··· Source records

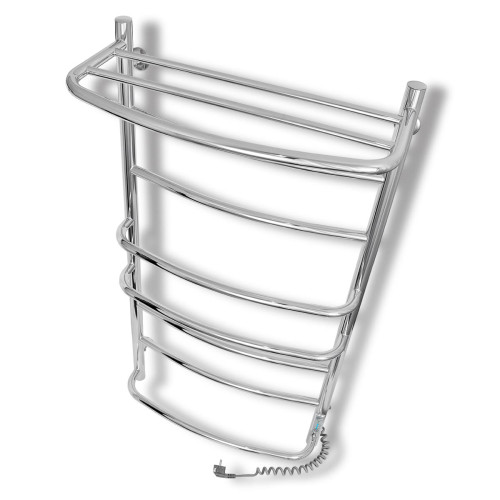 Рушникосушарка ERAFLYME EF Flash 8 R 500x1000 Рушникосушарка ERAFLYME EF Flash 8 R 500x1000
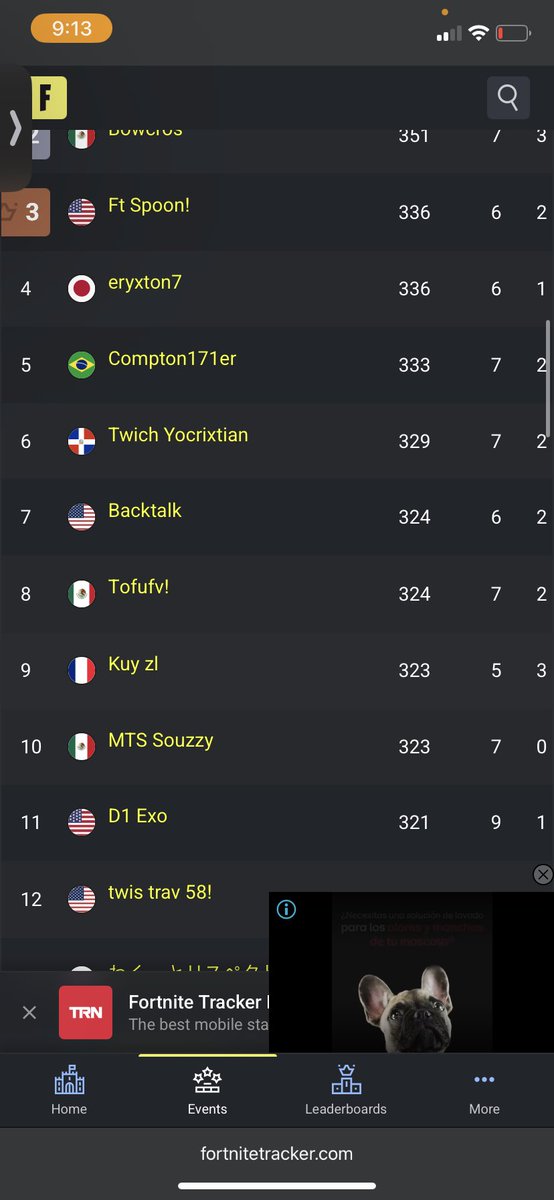 Qualed <a href="/teamMTS2025/">MTS Esports</a>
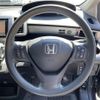 honda freed 2011 -HONDA--Freed DBA-GB3--GB3-1401385---HONDA--Freed DBA-GB3--GB3-1401385- image 21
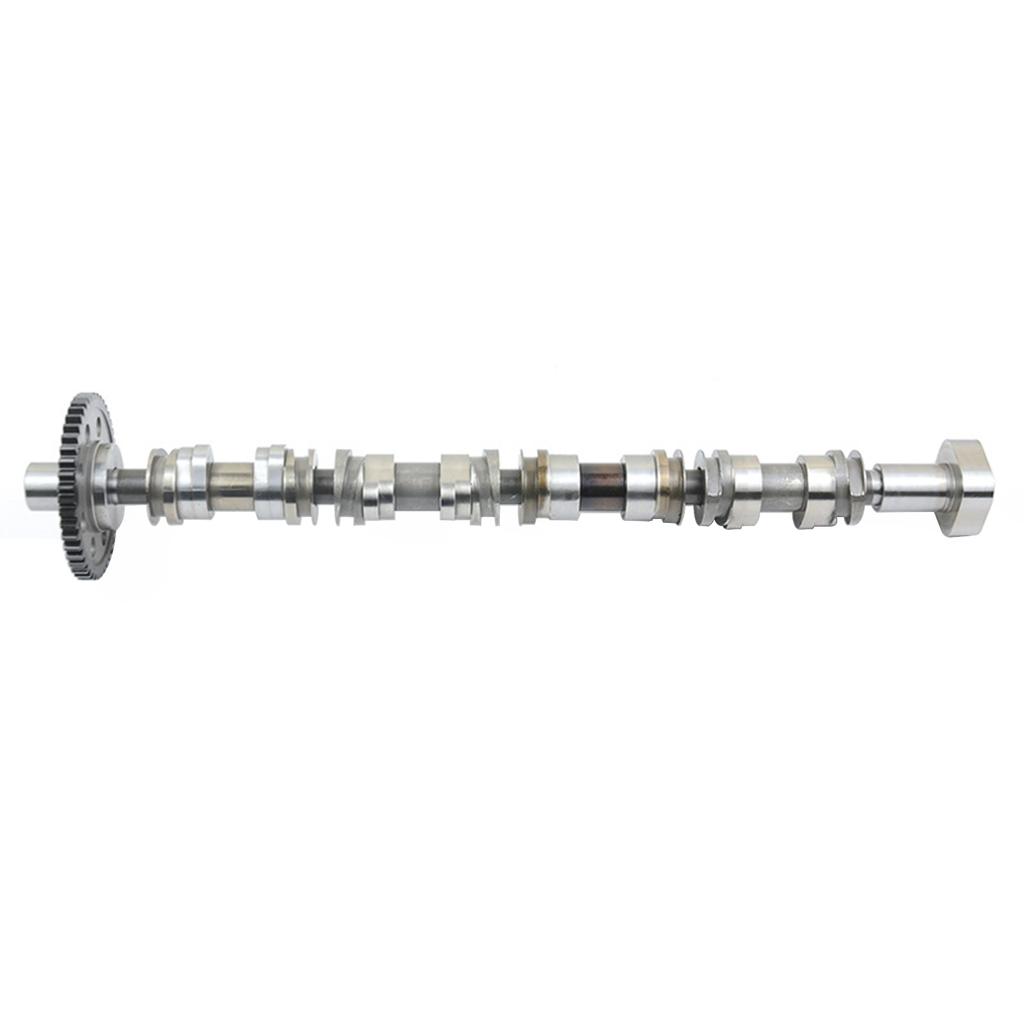 Шестерня ГРМ выпускного распредвала для VW для A4 2.0 TFSI 06H109022BJ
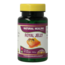 NHP Royal jelly 2000mg puur 30 Vegetarische capsules
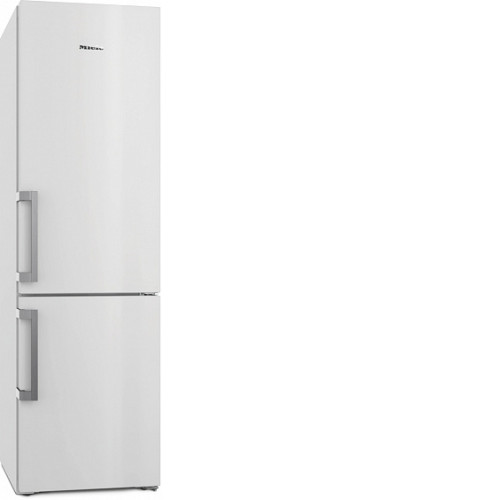 Холодильник MIELE KFN 4795 CD White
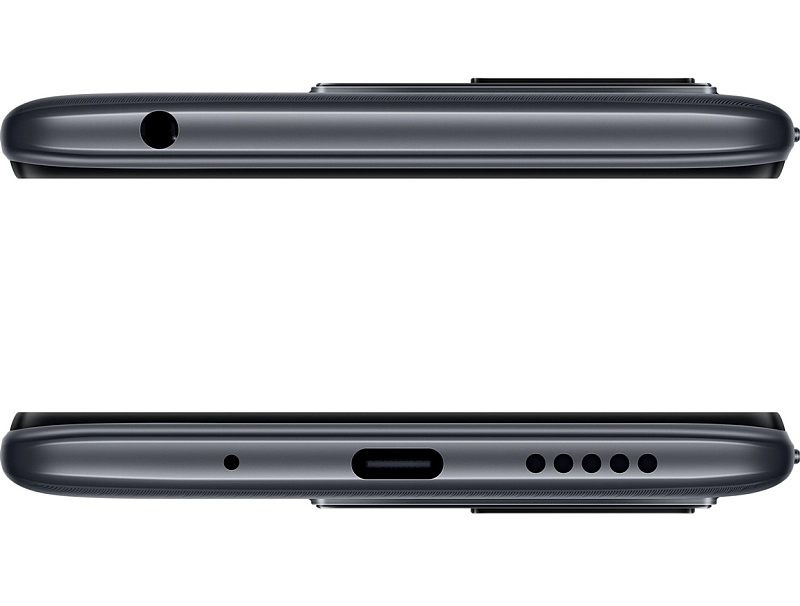Xiaomi Redmi 10C 4/64Gb (серый графит) фото 9 Xiaomi Redmi 10C 4/64Gb (серый графит) фото 9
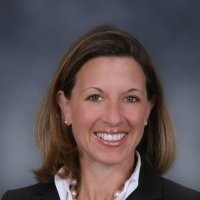 Coach Realtors Employee Whitney Lacosta's profile photo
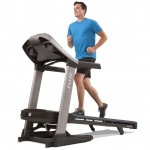 treadmill_horizonelitet9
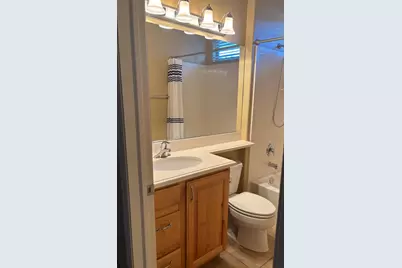 4248 S Magellan Dr, Saint George, UT 84790 - Photo 25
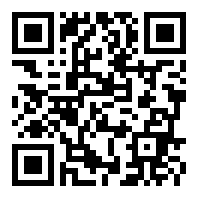 PHP守约者二级域名分发系统下载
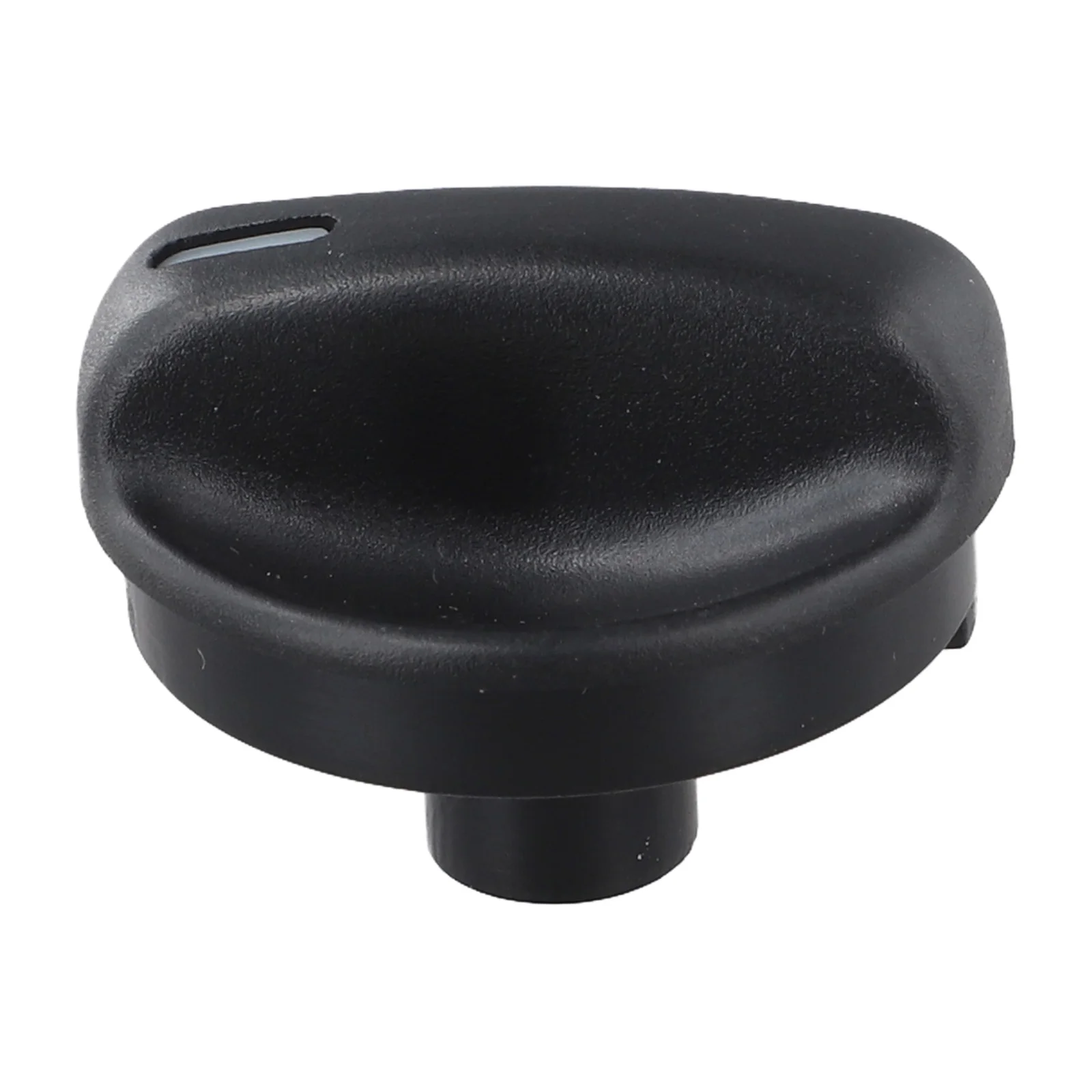 TTTTT様 S6b93577652b4486ebd359998fe3f4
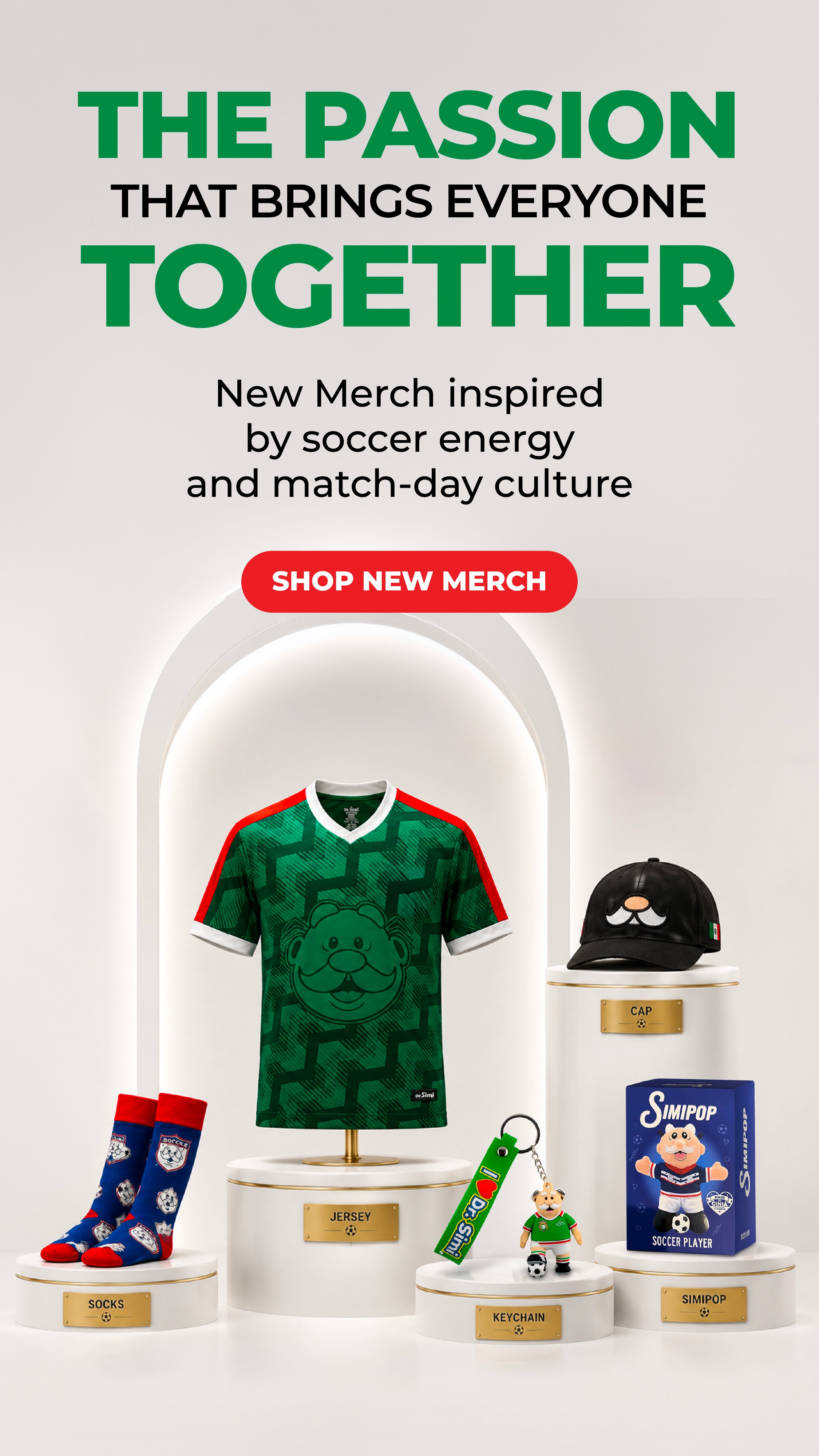 USA_BND_ECOMMERCE_JUNIO_-_WORLD_CUP_MERCH_1.jpg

······

_What is needed_
The range to transcribe runs from the line holding "honda freed 2011" through the final line of the data above; copy it exactly and exclude the pictures.

_Result of this task_
 honda freed 2011 -HONDA--Freed DBA-GB3--GB3-1401385---HONDA--Freed DBA-GB3--GB3-1401385- image 21
 Шестерня ГРМ выпускного распредвала для VW для A4 2.0 TFSI 06H109022BJ
 NHP Royal jelly 2000mg puur 30 Vegetarische capsules
 Холодильник MIELE KFN 4795 CD White
Xiaomi Redmi 10C 4/64Gb (серый графит) фото 9 Xiaomi Redmi 10C 4/64Gb (серый графит) фото 9
 Coach Realtors Employee Whitney Lacosta's profile photo
 treadmill_horizonelitet9
 4248 S Magellan Dr, Saint George, UT 84790 - Photo 25
 PHP守约者二级域名分发系统下载
 TTTTT様 S6b93577652b4486ebd359998fe3f4
 USA_BND_ECOMMERCE_JUNIO_-_WORLD_CUP_MERCH_1.jpg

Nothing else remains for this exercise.